As global temperatures rise, work productivity will decline
A growing collection of studies has demonstrated the impact of rising temperatures and heat stress on the productivity of workers. However, the majority of this research was focused on workers based in developing countries, so the pattern of heat-related work productivity loss (WPL) on a global scale has remained unclear.
An international team of experts from the Institute of Atmospheric Physics and the Chinese Academy of Sciences set out to investigate. The study was focused on a survey that was designed to examine the effect of heat stress on work productivity loss worldwide. The researchers analyzed 4,363 responses to the survey, which was conducted in 2016.
The analysis revealed that the annual heat-related work productivity loss was 6.6 days for developing countries and 3.5 days for developed countries.
The researchers found evidence that the WPL is inversely proportional to the level of a country’s development. They also identified some regions that will be more vulnerable to heat waves due to relatively low adaptability to heat, including Central Asia and northern Europe.

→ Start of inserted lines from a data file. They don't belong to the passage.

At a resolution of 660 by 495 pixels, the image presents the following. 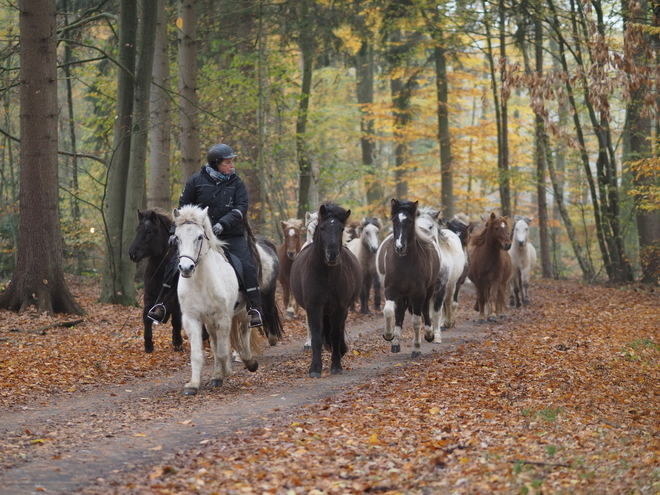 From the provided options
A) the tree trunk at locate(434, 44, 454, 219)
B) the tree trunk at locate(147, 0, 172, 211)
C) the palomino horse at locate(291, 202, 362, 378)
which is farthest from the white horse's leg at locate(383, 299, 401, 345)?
the tree trunk at locate(434, 44, 454, 219)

To estimate work productivity loss in the future, the team used various greenhouse gas concentration scenarios. When global warming reaches 1.5 degrees Celsius, the annual WPL will be 9 days for developed countries and 19 days for developing countries. If global warming is increased by four degrees Celsius, the annual WPL will reach 33 days in developed countries and 94 days in developing countries.
“Heat waves surely impact more seriously the developing countries in general, but our study quantitatively estimated how much heat waves would reduce the productivity and identified the most vulnerable regions over the world,” said study co-author YU Shuang. “Our results call for attention to the need of adaptation to increasing heat waves by improving protective infrastructure especially for the developing regions in the Belt and Road.”
The study is published in the Journal of Cleaner Production.